When I was working on my article about veganism, one of the people I interviewed said something that really stuck with me:
“Eating is a personal decision and a personal act, but it is also a public decision and a public act,” said Vasile Stanescu, a vegan expert and PhD candidate at Stanford University.
This statement is something that I have been thinking about for the past few weeks as I have transitioned into a more strict vegan diet, and I really saw it’s truth this week after an article was published in The Santa Clara (yes, the school newspaper I work for) titled “Don’t be Vegetarian.”
It is slightly ironic that this article was run the week after my piece on vegans on campus, but I also found it to be personally offensive.
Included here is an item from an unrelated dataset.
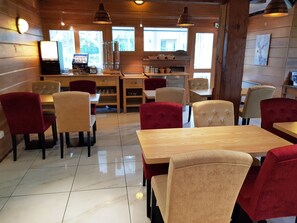 Se ofrece un desayuno continental (8 EUR por persona)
I am not obnoxious about being a vegetarian (and mostly vegan) and I have not tried to coerce anyone or throw red paint on them for eating meat in the newsroom, but this article made all vegetarians seem like self-righteous people who only inconvenience other people:
“I personally feel that being a vegetarian by choice is just a huge inconvenience to others with more flexibility in their diets.
I also feel that choosing to be a vegetarian is something that only people who do not live their daily lives struggling to fill their stomachs have the privilege of making. If we were to take vegetarians and force them to live in third world conditions, you better believe they wouldn’t last as vegetarians for very long. If forced to choose between killing an animal or starving, I think our human survival instinct would kick in and nix any vegetarian tendencies.
Human beings are naturally omnivorous, meaning we are supposed to eat plants and animals.”
It frustrates me that people are so against vegetarians and vegans because we “inconvenience” them by not eating everything they will or that we refuse to eat animals for moral standards they do not believe in. It’s like telling me you refuse to even bother dealing with me because I am extremely allergic to peanuts and that’s too big of an inconvenience to you.
I do not understand why my personal choices of what I will and will not eat have to become politicized and discussed by people who do not have a true understanding of why I’m doing it in the first place. What we eat is incredibly personal and it has ties to our society, religion and personal beliefs. It’s time for people to accept that we are all different and we all have different beliefs about what should and should not be eaten. I am not an inconvenience, I am a human being.